_What you have to do_
Return the data below unchanged. Drop any pictures.

_Data excerpt_
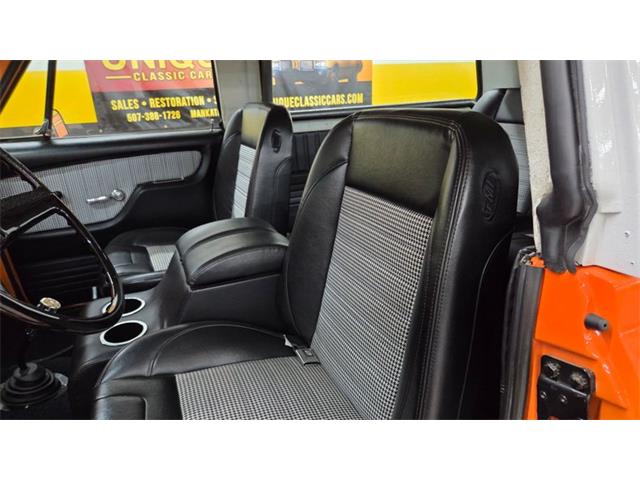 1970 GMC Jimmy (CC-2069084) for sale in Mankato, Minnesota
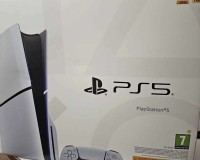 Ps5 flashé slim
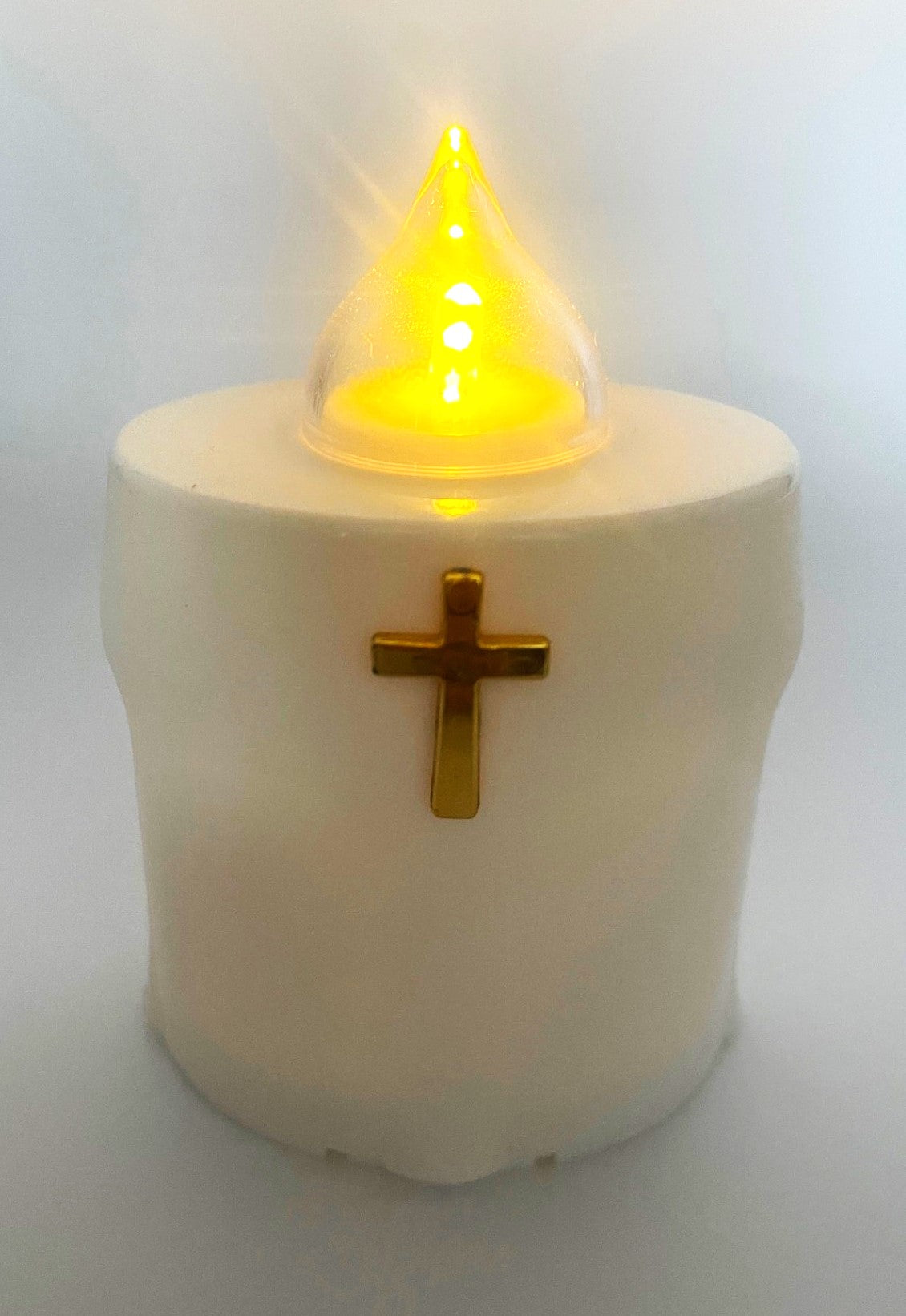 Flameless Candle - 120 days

_Response below_
 1970 GMC Jimmy (CC-2069084) for sale in Mankato, Minnesota
 Ps5 flashé slim
 Flameless Candle - 120 days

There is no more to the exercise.